Was an Arbeit wächst, ist Wissensarbeit: Planen, organisieren, analysieren und entscheiden, Wichtigkeiten festlegen, beraten, Probleme lösen: Das benötigt ganz andere Eigenschaften als die, die wir von früher übernommen haben. Nachdem Maschinen uns die materielle Arbeit weitgehend abgenommen haben und Computer die strukturelle Wissensarbeit wie eben KI, Datenanalyse und Maschinensteuerung, bleibt an Arbeit die Arbeit am Menschen, sowie die Arbeit mit Wissen – zwischen Menschen.  

Das setzt die bisherigen Organigramme unter Druck. Denn der Fachmann kennt sich besser aus als sein Chef (m/w). Deswegen muss er gehört werden und muss ihm widersprechen können. Zwar braucht es wie bisher eine klare Verantwortlichkeit. Wichtiger als bisher wird es, dass Sachfragen vorher transparent und nach inhaltlichen Kriterien breit diskutiert und bearbeitet werden, was dem Projekt dient – Status, Macht und persönliche Beziehungen verschlechtern die Qualität der Entscheidung.  

Auf einmal müssen die Beteiligten ihr Verhalten reflektieren – es gibt wohl kaum etwas konfliktträchtigeres. Wer weiterhin zu seinem Spezl hält anstatt zu dem mit dem besseren Argument, und wenn Sachfragen durch Macht entscheiden werden, dann sind solche Firmen in Zukunft nicht ausreichend produktiv – sie werden den anstehenden Umbruch nicht überleben.
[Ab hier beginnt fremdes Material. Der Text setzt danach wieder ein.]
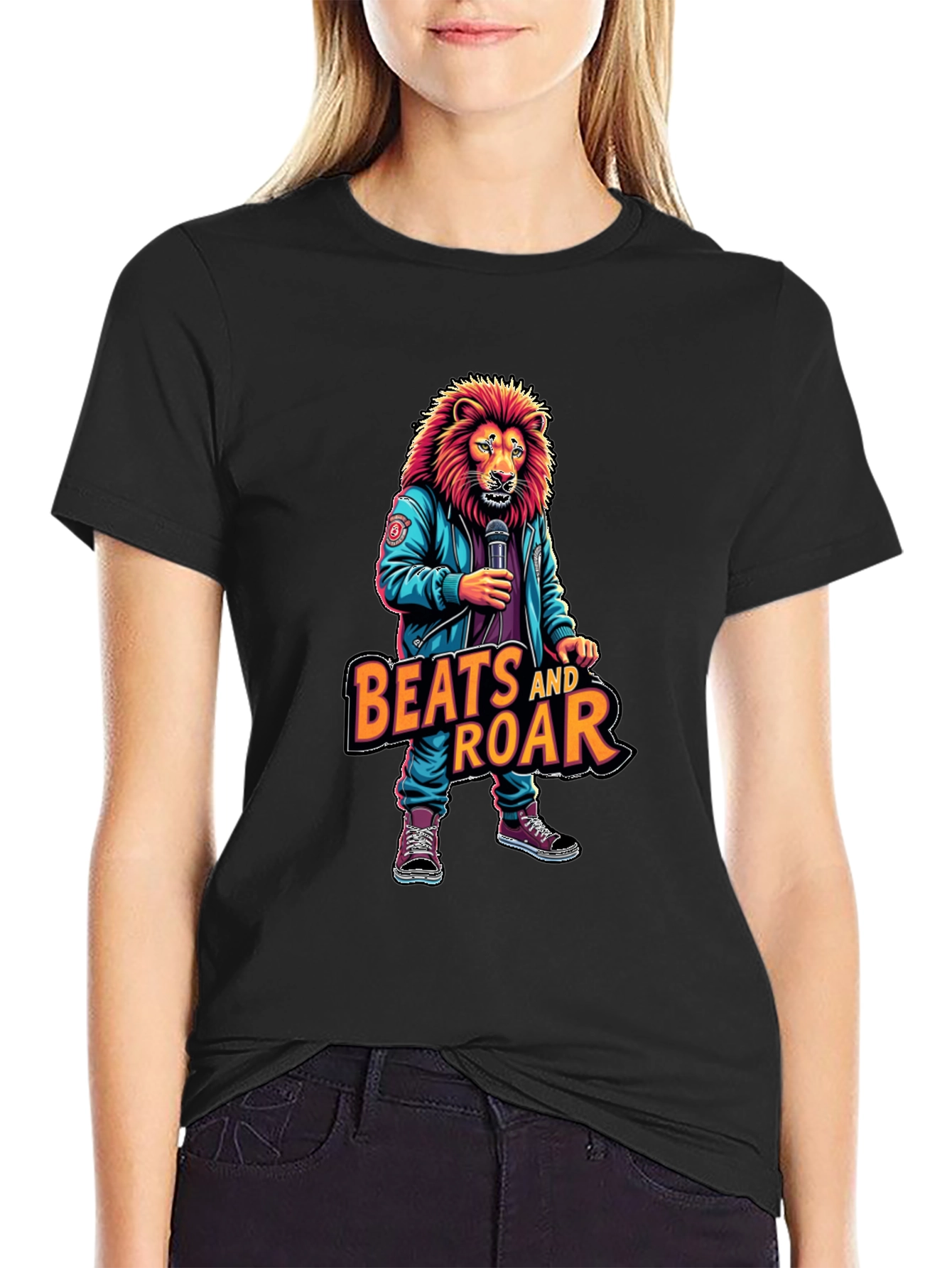 Camiseta Negra con Diseño de León Beats and Roar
Denn das macht den entscheidenden Unterschied aus: Kapital kann sich jedes Unternehmen weltweit leihen. Jeder kann sich jede Maschine und Anlage einkaufen (zumindest, wenn man keine anderen Länder überfällt und dann mit Sanktionen belegt werden). Das Wissen der Menschheit kann sich jeder im Internet holen, jeder seine Produkte dort weltweit vermarkten, jeder für zwei Stunden einen Spezialisten in Paris anmieten. Was am Ende den Unterschied macht in der Produktivität eines Unternehmens und eines Landes, was über Preise und Gewinne entscheidet, ist die Fähigkeit der Menschen vor Ort, mit Wissen umzugehen. Das hat eine völlig neue Qualität: Denn Arbeit mit Wissen ist immer auch Zusammenarbeit mit Menschen, die wir unterschiedlich gut kennen, unterschiedlich gerne mögen, und mit denen wir unterschiedlich viele, berechtigte Interessenskonflikte haben.  
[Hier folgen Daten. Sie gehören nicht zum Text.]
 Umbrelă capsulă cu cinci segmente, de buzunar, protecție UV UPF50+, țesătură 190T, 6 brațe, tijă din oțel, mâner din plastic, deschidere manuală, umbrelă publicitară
Erfolgreich werden Unternehmen sein, wo die Mitarbeiter sich dafür einsetzen, dass das Projekt gelingt, und die berechtigten Interessen der Kollegen, der Kunden und Lieferanten berücksichtigen, anstatt sich vorrangig für ihre Kostenstelle und Karriere zu interessieren. Das ist eine ethische Frage, keine technische.  
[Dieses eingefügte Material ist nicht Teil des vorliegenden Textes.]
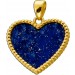Herz Anhänger Gold 333 8K azurblaue Lapislazuli Einlage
Vom produktiven Anwenden von Wissen hängt ab, ob Wirtschaft und Politik sich stabilisieren. In der Geschichte gab es immer lange Zeiten, in denen grundlegende Erfindungen wie Dampfmaschinen, Eisenbahnen oder zuletzt der Computer unsere Produktivität enorm steigerten und einen langen Boom auslösten, Kondratieff-Zyklen. Bis die Basisinnovation fertig investiert war und es keinen Kostensenkende Wirkung mehr gab, die Wirtschaft stagnierte, mit Arbeitslosigkeit, Verteilungskämpfen und Handelskriegen. Nachdem wir 200 Jahre lang die materiellen und energetischen Arbeitsprozesse durchrationalisierten und Computer/KI die strukturierte Wissensarbeit übernehmen, geht es jetzt darum, das Anwenden von unscharfem Wissen zwischen Menschen grundlegend besser hinzubekommen.  

Zukunft, Wohlstand, Stabilität: Sucht sie vor allem in der Organisation, in der Unternehmenskultur, in der Fähigkeit zur Zusammenarbeit.